= The records =
• • • •

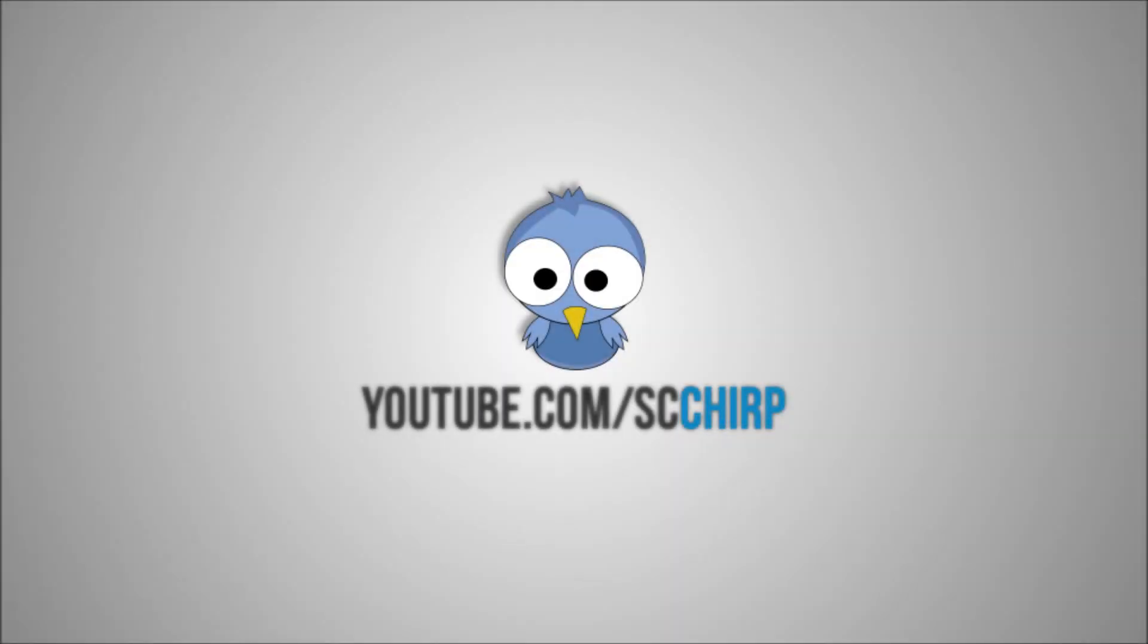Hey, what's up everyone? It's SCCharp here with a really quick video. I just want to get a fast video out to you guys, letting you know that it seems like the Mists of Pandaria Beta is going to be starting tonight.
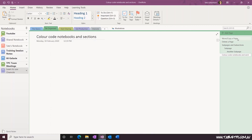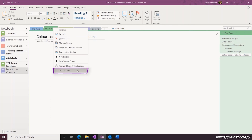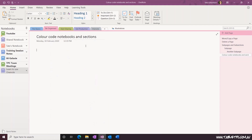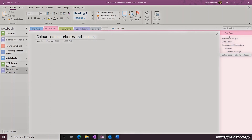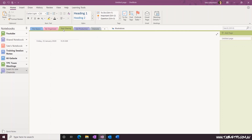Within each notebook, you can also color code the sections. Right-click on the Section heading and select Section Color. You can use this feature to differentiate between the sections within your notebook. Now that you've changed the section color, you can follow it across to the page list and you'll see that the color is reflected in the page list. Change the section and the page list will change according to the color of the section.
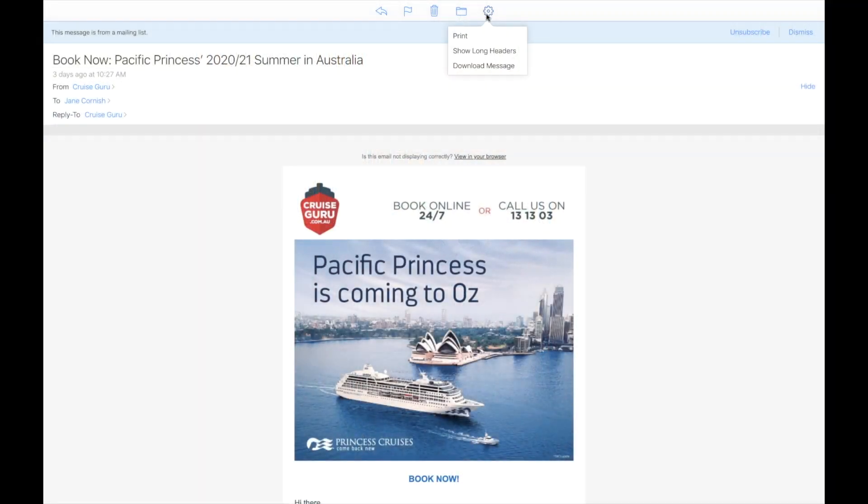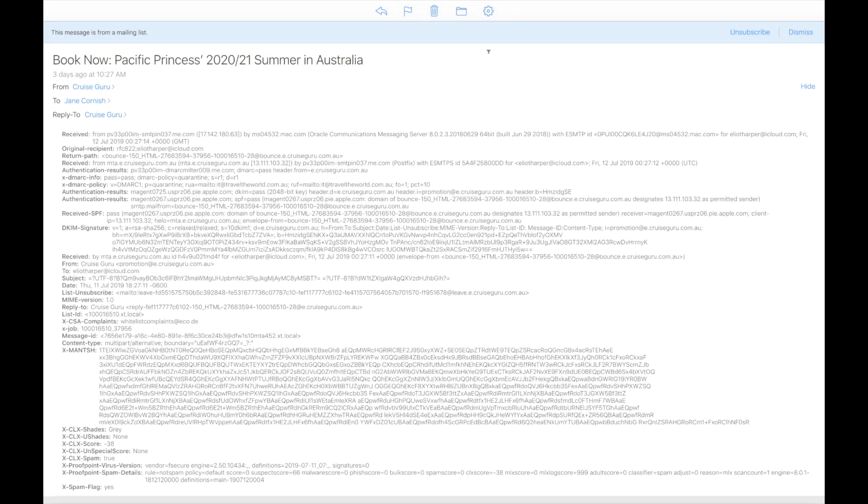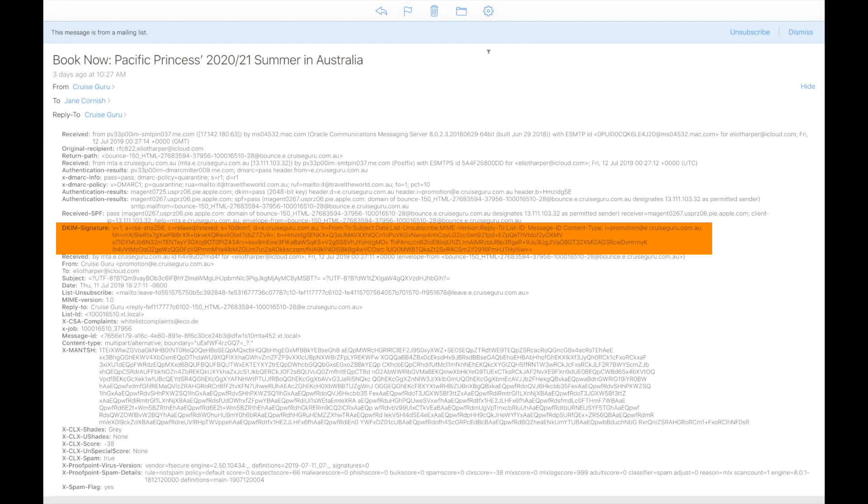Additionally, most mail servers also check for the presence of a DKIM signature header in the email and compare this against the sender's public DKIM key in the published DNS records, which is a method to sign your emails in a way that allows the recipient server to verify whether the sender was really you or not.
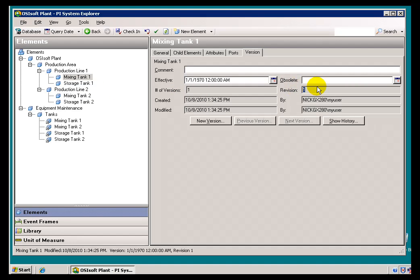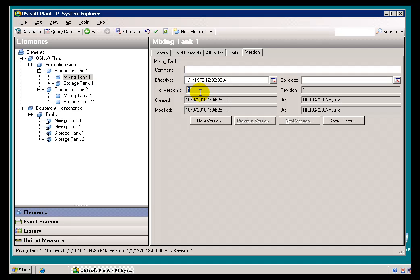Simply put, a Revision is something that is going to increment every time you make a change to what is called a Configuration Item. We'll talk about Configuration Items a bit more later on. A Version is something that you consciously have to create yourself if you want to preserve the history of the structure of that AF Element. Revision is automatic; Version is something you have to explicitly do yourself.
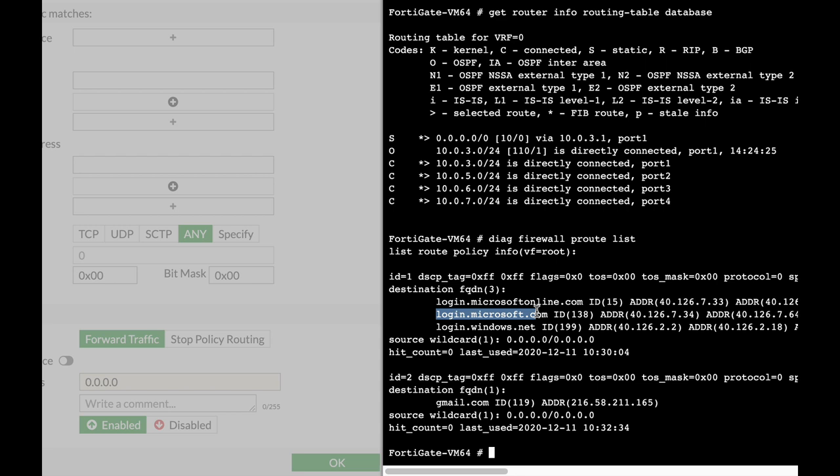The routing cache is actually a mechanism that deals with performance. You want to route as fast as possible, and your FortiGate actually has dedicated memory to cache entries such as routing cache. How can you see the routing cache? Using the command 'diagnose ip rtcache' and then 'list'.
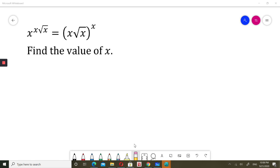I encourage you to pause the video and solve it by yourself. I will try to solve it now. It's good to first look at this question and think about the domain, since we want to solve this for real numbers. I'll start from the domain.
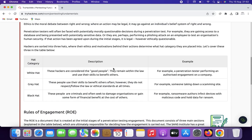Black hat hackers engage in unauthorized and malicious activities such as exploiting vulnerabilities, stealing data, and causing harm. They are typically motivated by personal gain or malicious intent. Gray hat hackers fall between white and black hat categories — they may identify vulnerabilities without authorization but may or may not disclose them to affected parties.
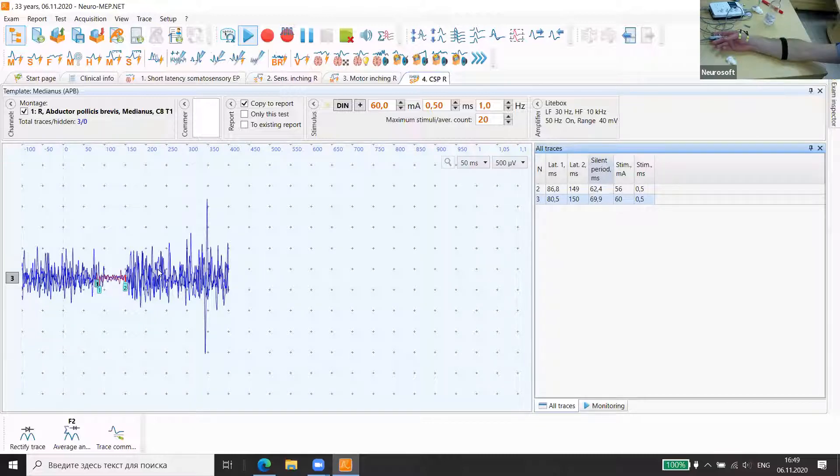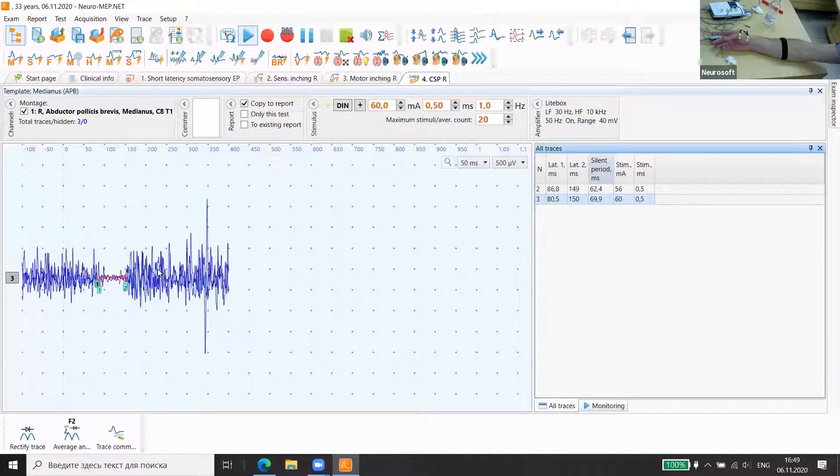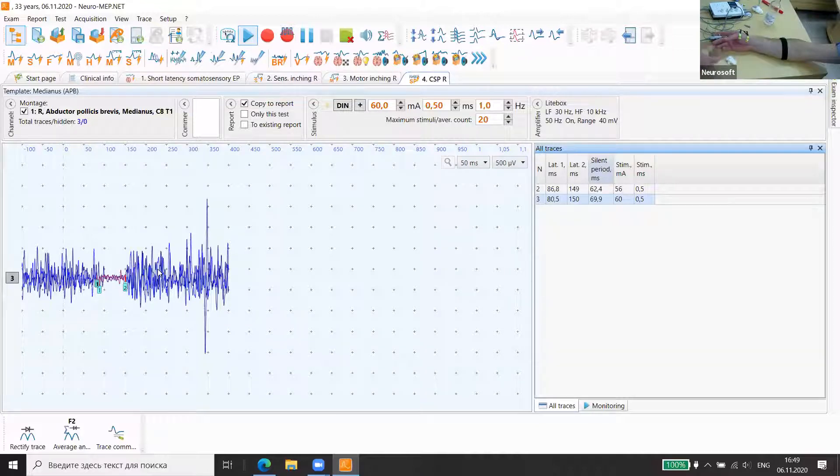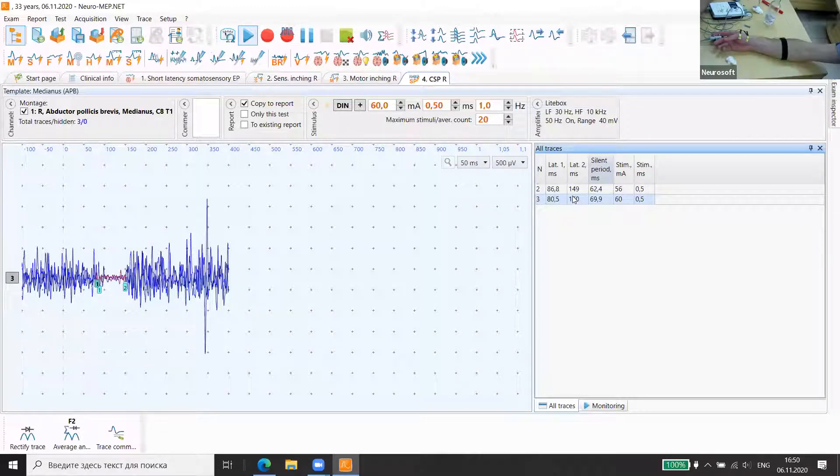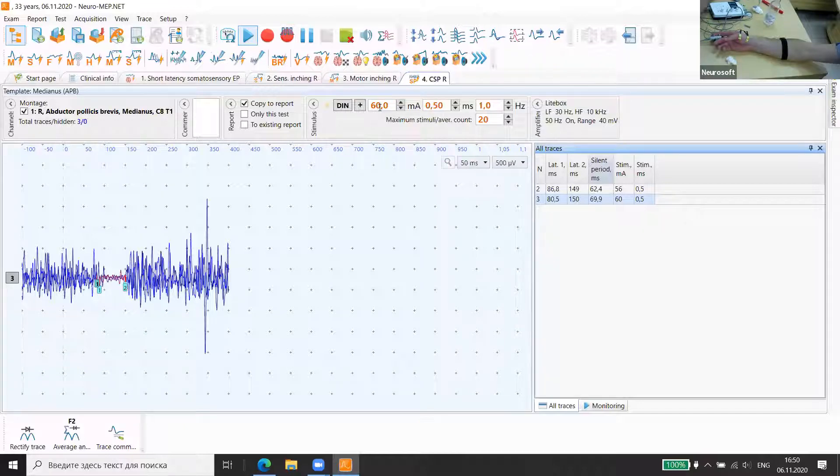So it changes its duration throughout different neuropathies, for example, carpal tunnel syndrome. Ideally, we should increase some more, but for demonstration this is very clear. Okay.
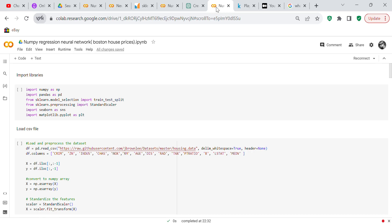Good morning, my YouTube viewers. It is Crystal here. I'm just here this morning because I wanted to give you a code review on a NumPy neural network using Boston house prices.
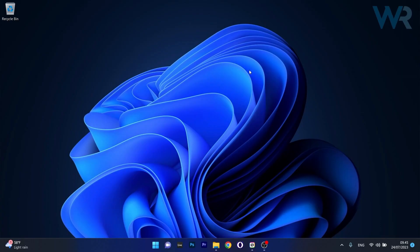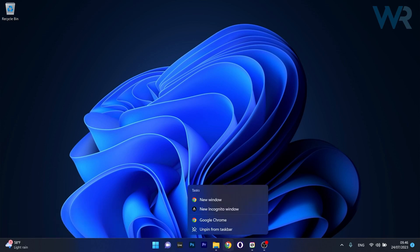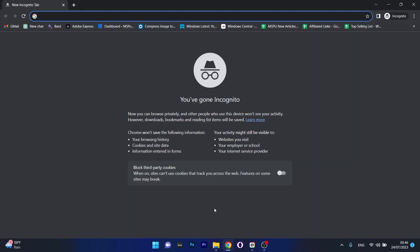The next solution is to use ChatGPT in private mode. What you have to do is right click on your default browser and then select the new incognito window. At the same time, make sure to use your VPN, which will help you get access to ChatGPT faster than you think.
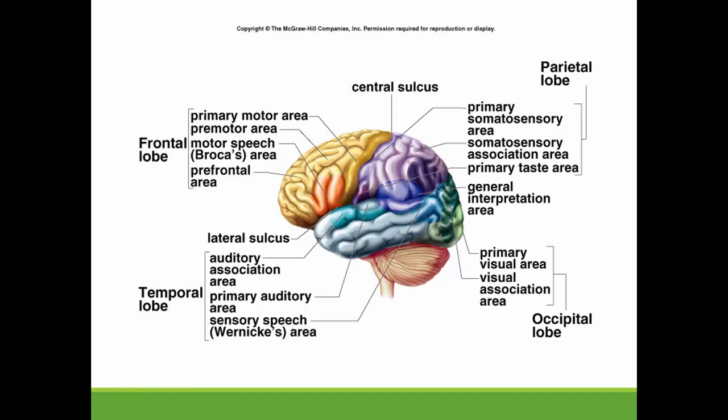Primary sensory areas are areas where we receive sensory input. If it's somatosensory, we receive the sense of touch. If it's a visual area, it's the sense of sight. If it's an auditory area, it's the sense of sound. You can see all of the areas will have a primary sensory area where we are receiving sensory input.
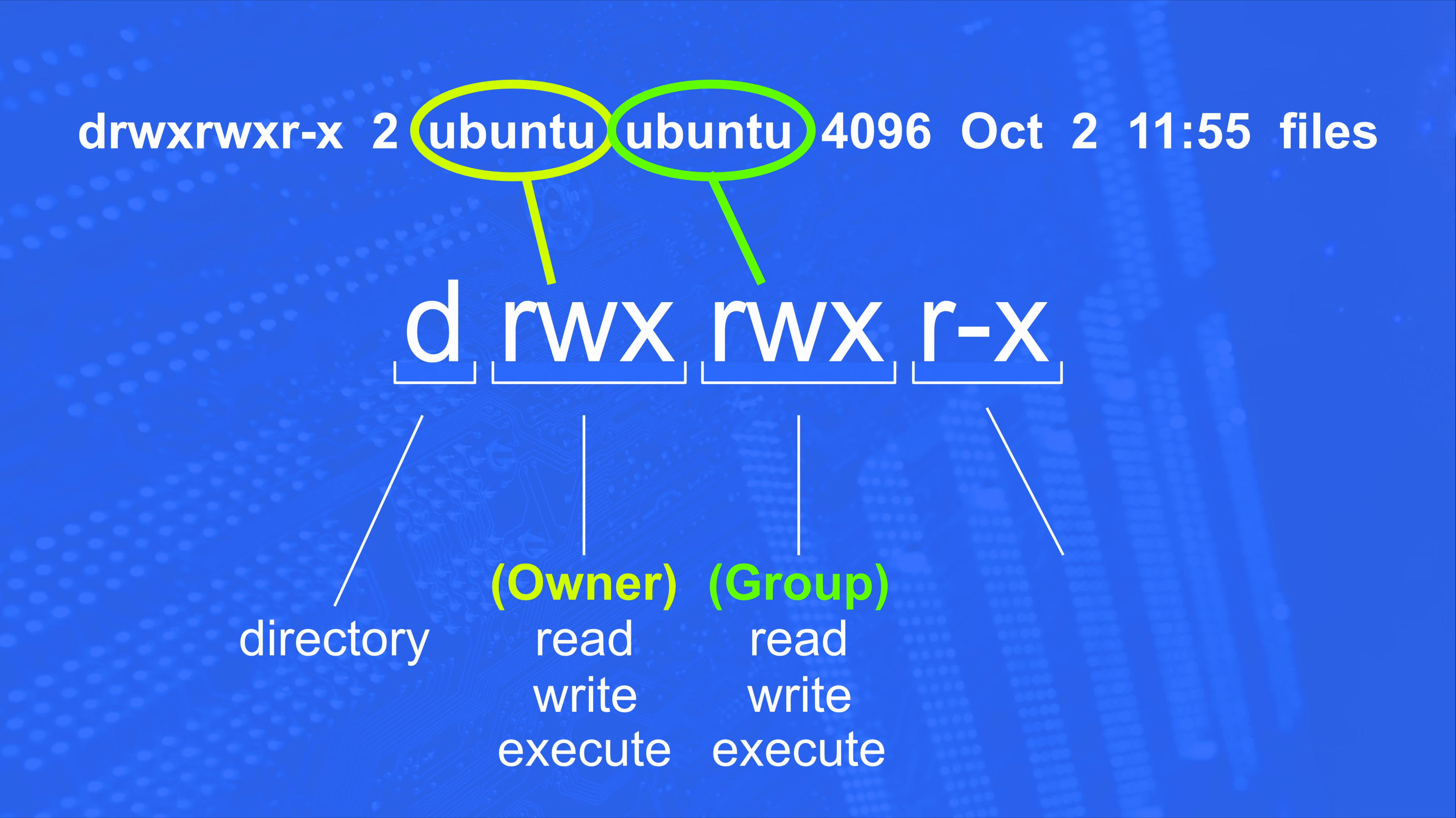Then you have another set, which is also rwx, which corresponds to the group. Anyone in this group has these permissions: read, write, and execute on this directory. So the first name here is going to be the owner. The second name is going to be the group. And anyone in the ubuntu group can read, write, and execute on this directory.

• • • •

= Instructions to follow =
Reproduce everything above exactly, images excluded.

= Written reply =
Hey, what's up everyone? It's SCCharp here with a really quick video. I just want to get a fast video out to you guys, letting you know that it seems like the Mists of Pandaria Beta is going to be starting tonight.
Within each notebook, you can also color code the sections. Right-click on the Section heading and select Section Color. You can use this feature to differentiate between the sections within your notebook. Now that you've changed the section color, you can follow it across to the page list and you'll see that the color is reflected in the page list. Change the section and the page list will change according to the color of the section.
Additionally, most mail servers also check for the presence of a DKIM signature header in the email and compare this against the sender's public DKIM key in the published DNS records, which is a method to sign your emails in a way that allows the recipient server to verify whether the sender was really you or not.
Simply put, a Revision is something that is going to increment every time you make a change to what is called a Configuration Item. We'll talk about Configuration Items a bit more later on. A Version is something that you consciously have to create yourself if you want to preserve the history of the structure of that AF Element. Revision is automatic; Version is something you have to explicitly do yourself.
The routing cache is actually a mechanism that deals with performance. You want to route as fast as possible, and your FortiGate actually has dedicated memory to cache entries such as routing cache. How can you see the routing cache? Using the command 'diagnose ip rtcache' and then 'list'.
I encourage you to pause the video and solve it by yourself. I will try to solve it now. It's good to first look at this question and think about the domain, since we want to solve this for real numbers. I'll start from the domain.
Black hat hackers engage in unauthorized and malicious activities such as exploiting vulnerabilities, stealing data, and causing harm. They are typically motivated by personal gain or malicious intent. Gray hat hackers fall between white and black hat categories — they may identify vulnerabilities without authorization but may or may not disclose them to affected parties.
So it changes its duration throughout different neuropathies, for example, carpal tunnel syndrome. Ideally, we should increase some more, but for demonstration this is very clear. Okay.
Good morning, my YouTube viewers. It is Crystal here. I'm just here this morning because I wanted to give you a code review on a NumPy neural network using Boston house prices.
The next solution is to use ChatGPT in private mode. What you have to do is right click on your default browser and then select the new incognito window. At the same time, make sure to use your VPN, which will help you get access to ChatGPT faster than you think.
Primary sensory areas are areas where we receive sensory input. If it's somatosensory, we receive the sense of touch. If it's a visual area, it's the sense of sight. If it's an auditory area, it's the sense of sound. You can see all of the areas will have a primary sensory area where we are receiving sensory input.
Then you have another set, which is also rwx, which corresponds to the group. Anyone in this group has these permissions: read, write, and execute on this directory. So the first name here is going to be the owner. The second name is going to be the group. And anyone in the ubuntu group can read, write, and execute on this directory.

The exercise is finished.